Carbon dioxide storage in deep saline aquifers as part of a carbon mitigation strategy will alter aquifer geochemistry and affect water-rock interactions. While dissolution rates will increase following a decrease in pH, the release of base cations such as magnesium to solution may facilitate precipitation of carbonate minerals. Both dissolution and precipitation processes can affect the reservoir porosity and permeability. Although silicate weathering has been studied for many years, the time-scales and extents of associated reactions are poorly understood for receptor reservoir conditions.
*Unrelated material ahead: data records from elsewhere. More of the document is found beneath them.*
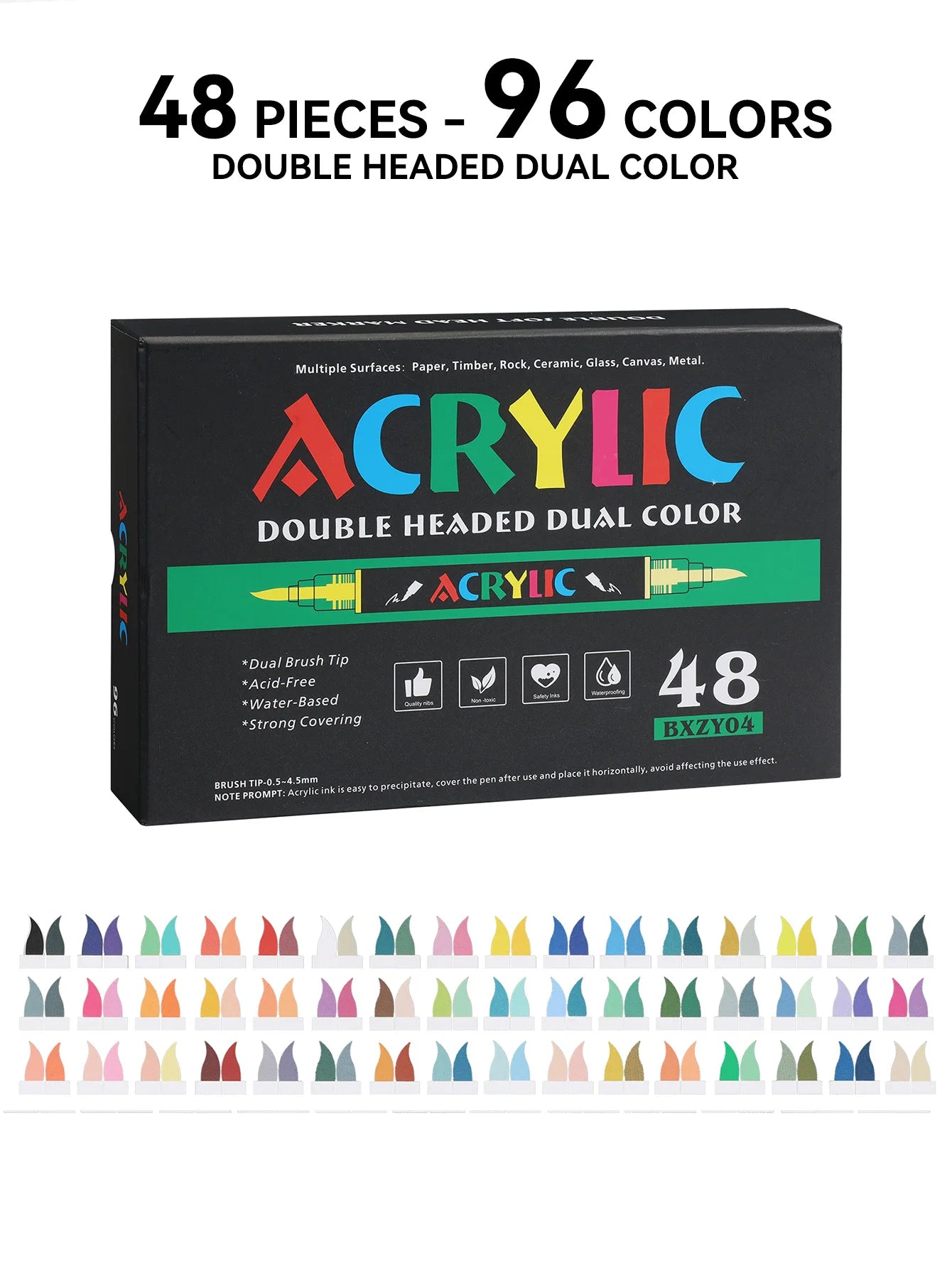 CowLost | product_id-2-in-1-double-ended-acrylic-marker-set-24-120-colors-for-painting-coloring-books |10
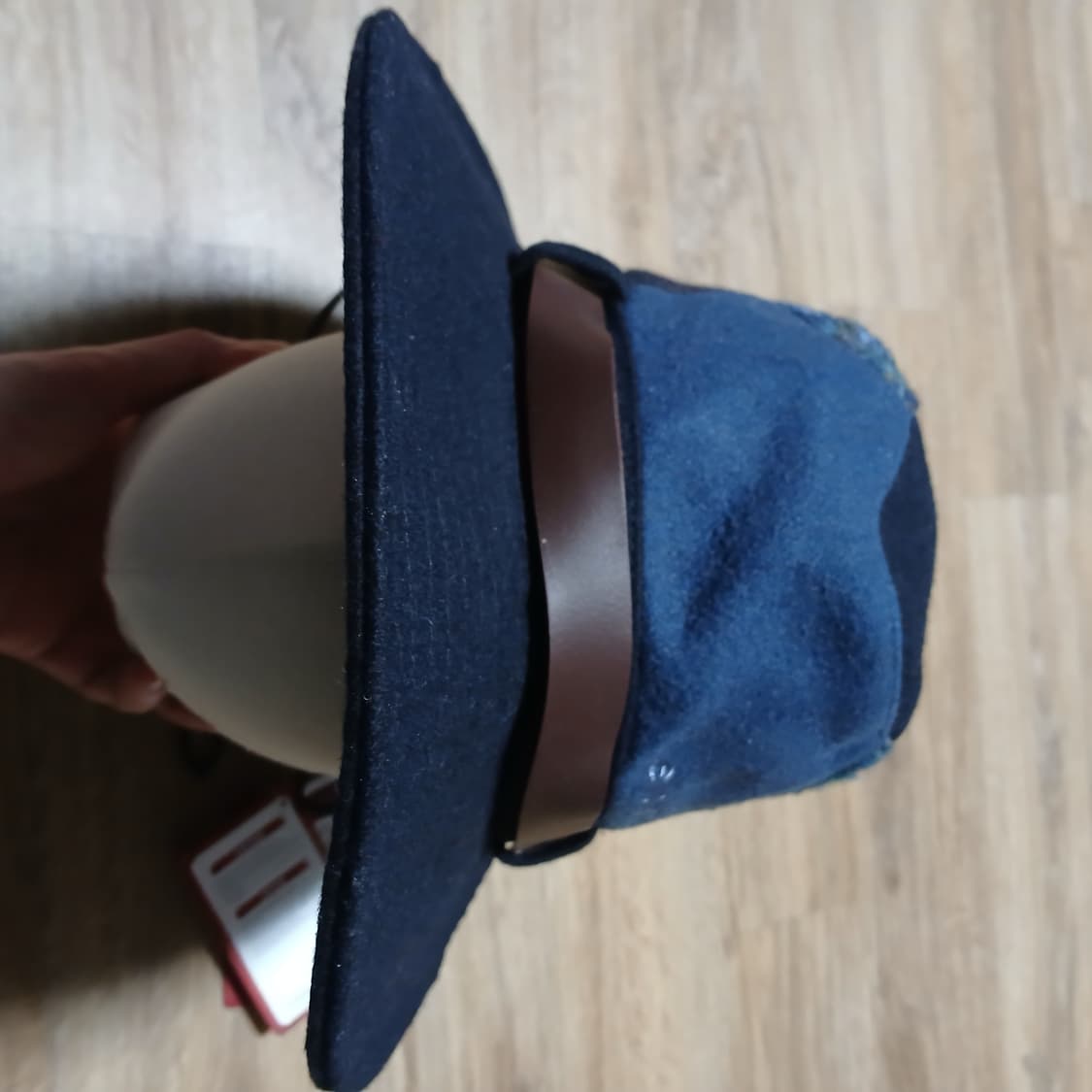 택붙은 미사용 elder 아이더 모직 아크릴 벙거지 사파리햇 모자 상품이미지7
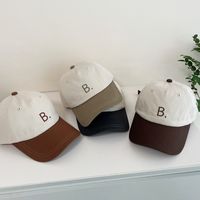 Unisex Simple Style Letter Embroidery Curved Eaves Baseball Cap main image 1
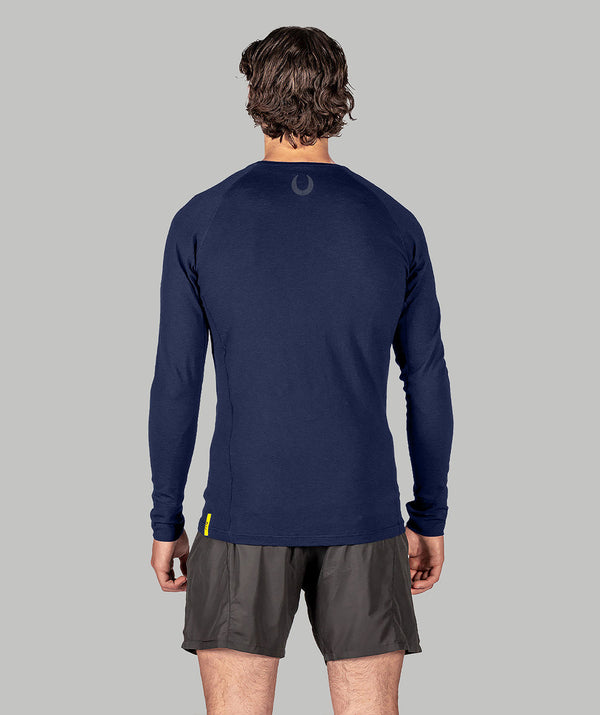 Men's Rockland Rowing Pro-Merino Crew LS - Navy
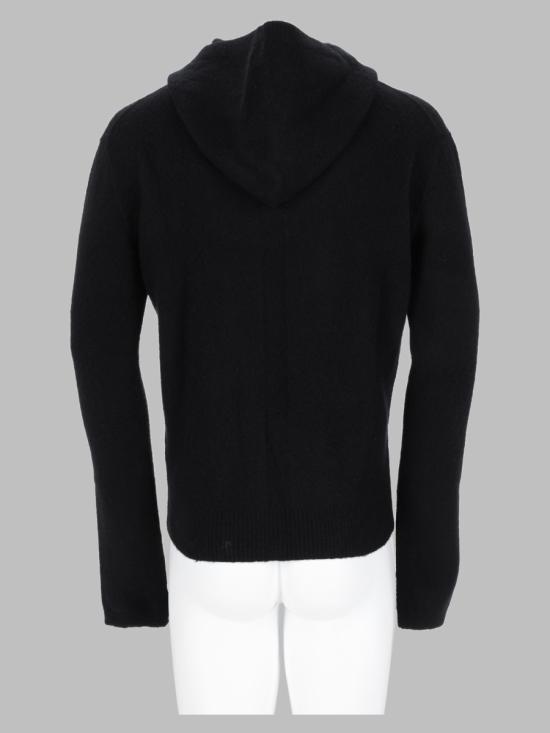 26FW 릭 오웬스 후드 티셔츠 RR02F4679 KWSF09 BLACK - RICK OWENS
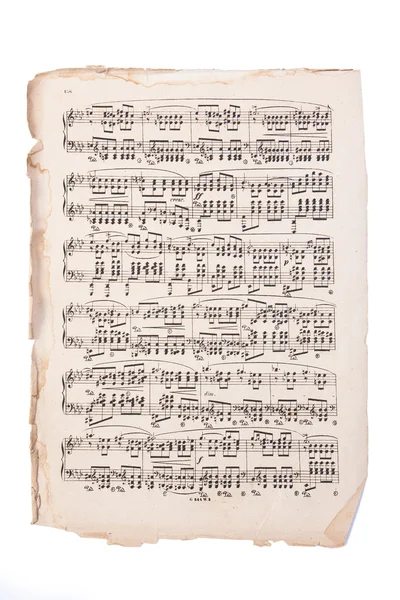 Old Sheet Music — Stock Photo, Image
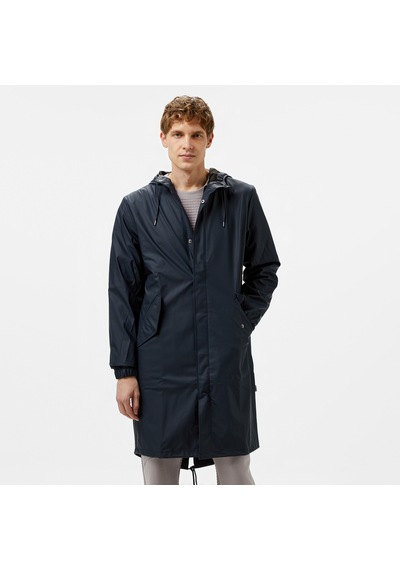 Raıns Rains Fishtail Parka W3 Unisex Lacivert Yağmurluk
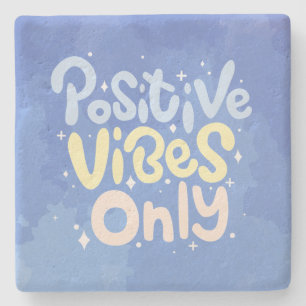 Dessous-de-verre En Pierre Vibes Positives Uniquement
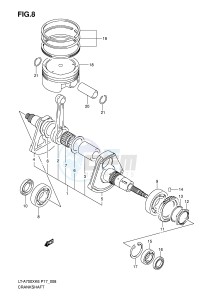 LT-A700X (P17) drawing CRANKSHAFT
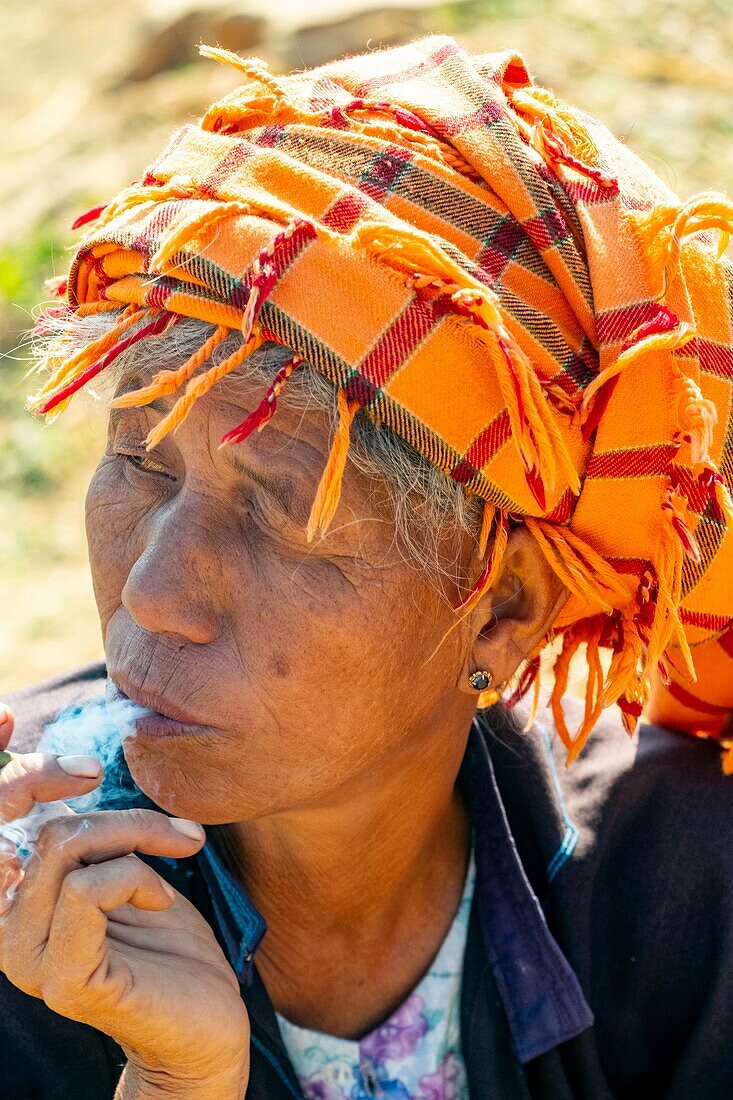 Myanmar (Burma), Shan State, Inle Lake, Thang Tau Village Market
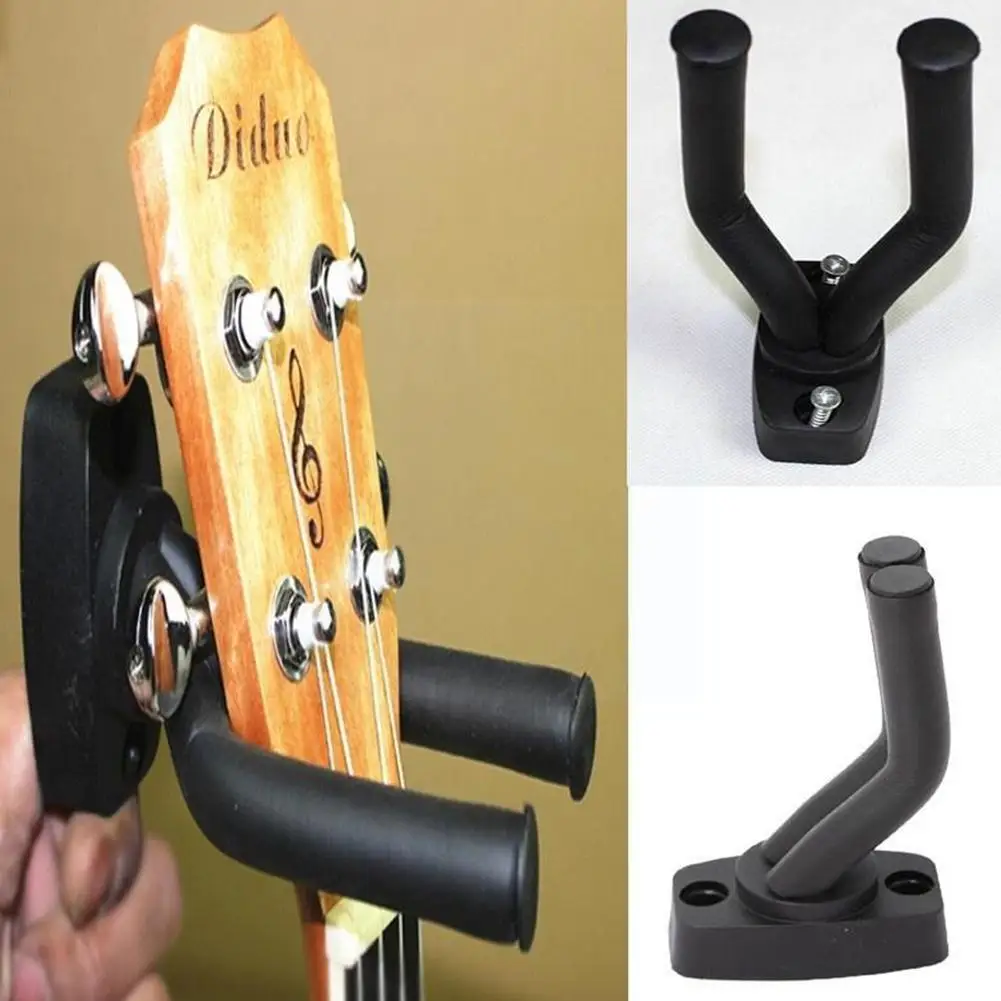 

Wall Mount Guitar Hanger Hook Non-slip Holder Stand For Acoustic Guitar Ukulele Violin Bass Guitar Instrument Accessories Y3s4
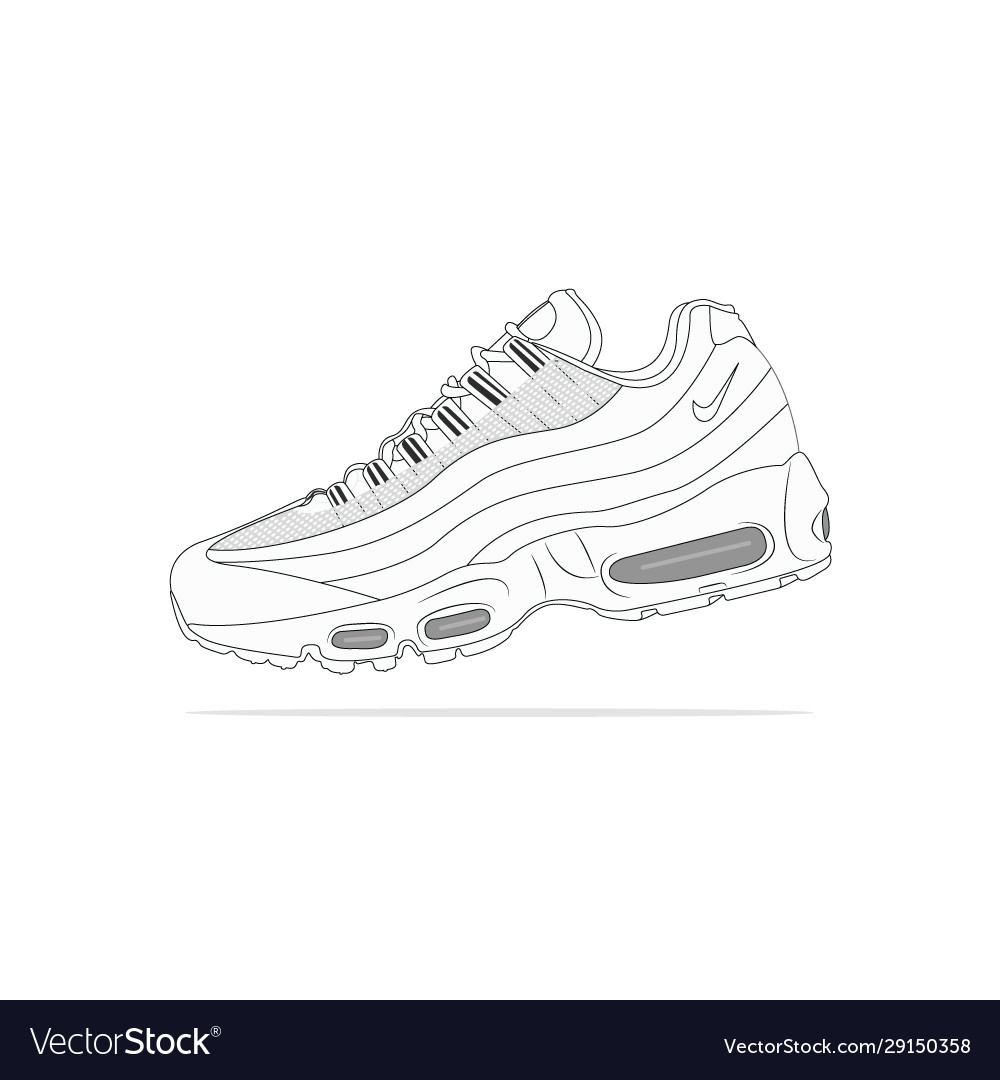 nike air max 95 drawing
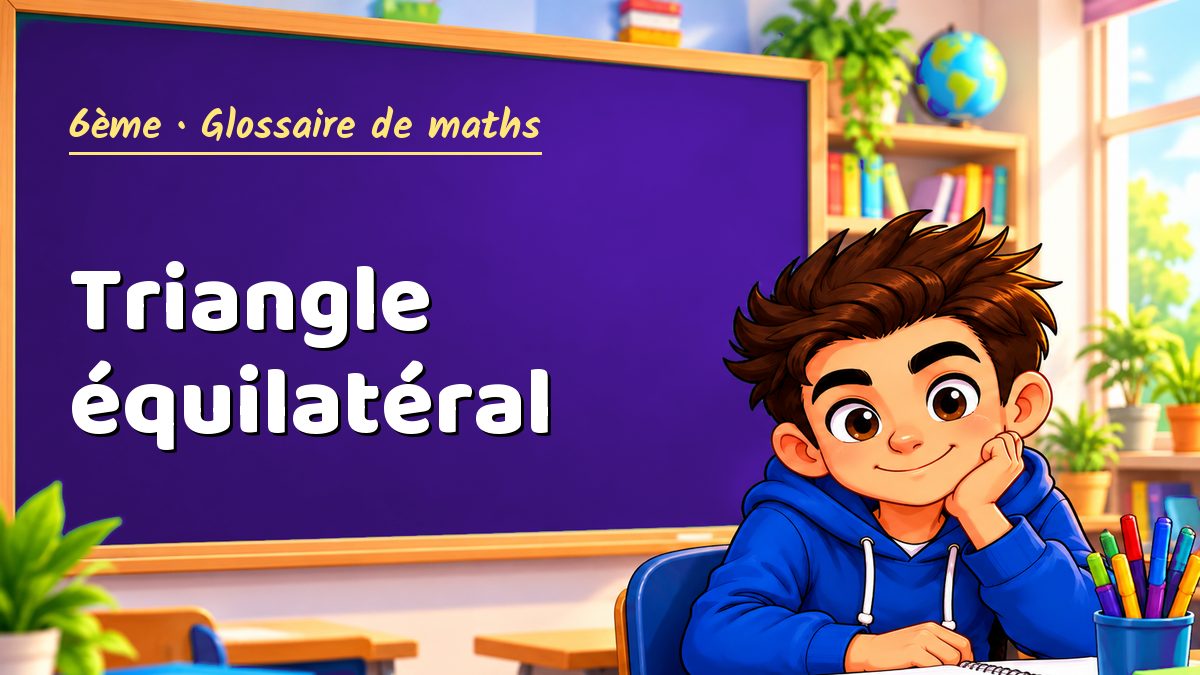 Triangle équilatéral : définition, méthode et exemple corrigé (6ème) – Maths PDF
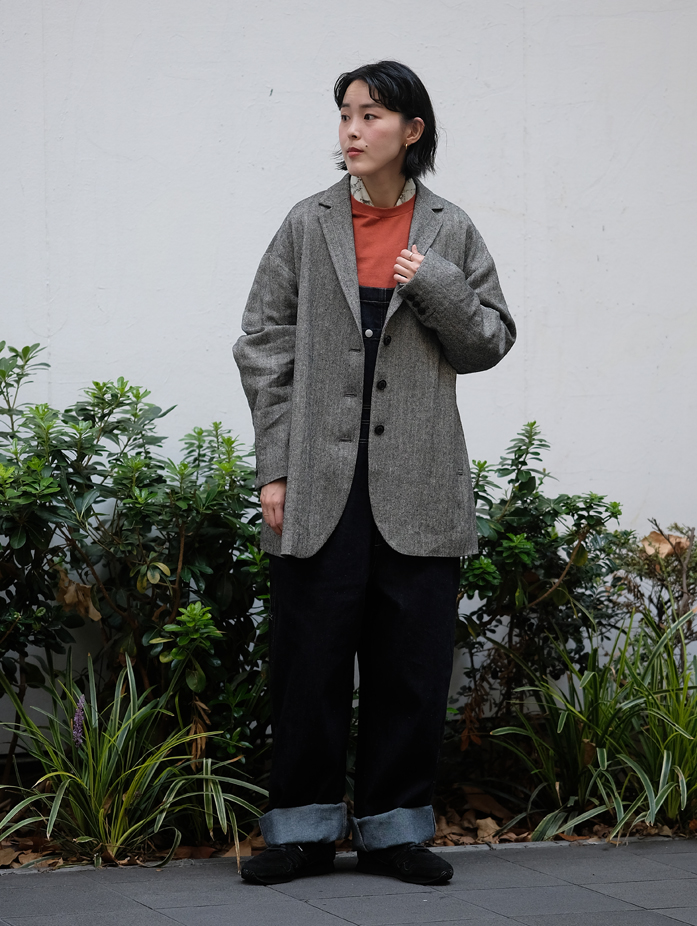 UpcycleLino] BASIC デニムオーバーオール｜nest Robe / CONFECT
Forsteritic olivine (Fo₉₀) reaction rates, mechanisms, and products are investigated in flow-through and batch laboratory experiments performed at pressure, temperature, and aqueous carbon dioxide conditions relevant to geologic carbon dioxide storage. Olivine is employed as a model mineral because of its congruent and rapid dissolution and potential for secondary precipitation of magnesium and iron(II) carbonates. The effects of pressure, pH, and carbon dioxide concentration on the dissolution rate are investigated using a flow-through reaction apparatus that was designed and constructed at Princeton University. Steady-state macroscopic dissolution rates are quantified by measuring concentrations of magnesium, iron, and silicon in the reactor effluent with inductively coupled plasma optical emission spectroscopy. In batch experiments, aqueous phase analysis is combined with solid phase characterization to identify potential reaction mechanisms and products. Weathered solids and secondary precipitates are characterized with an array of spectroscopic, electron microscopic, physical adsorption, and X-ray diffraction techniques. Complementary geochemical modeling simulations are used to interpret the effect of reaction affinity on the dissolution rate and the extent of supersaturation required for the precipitation of carbonates.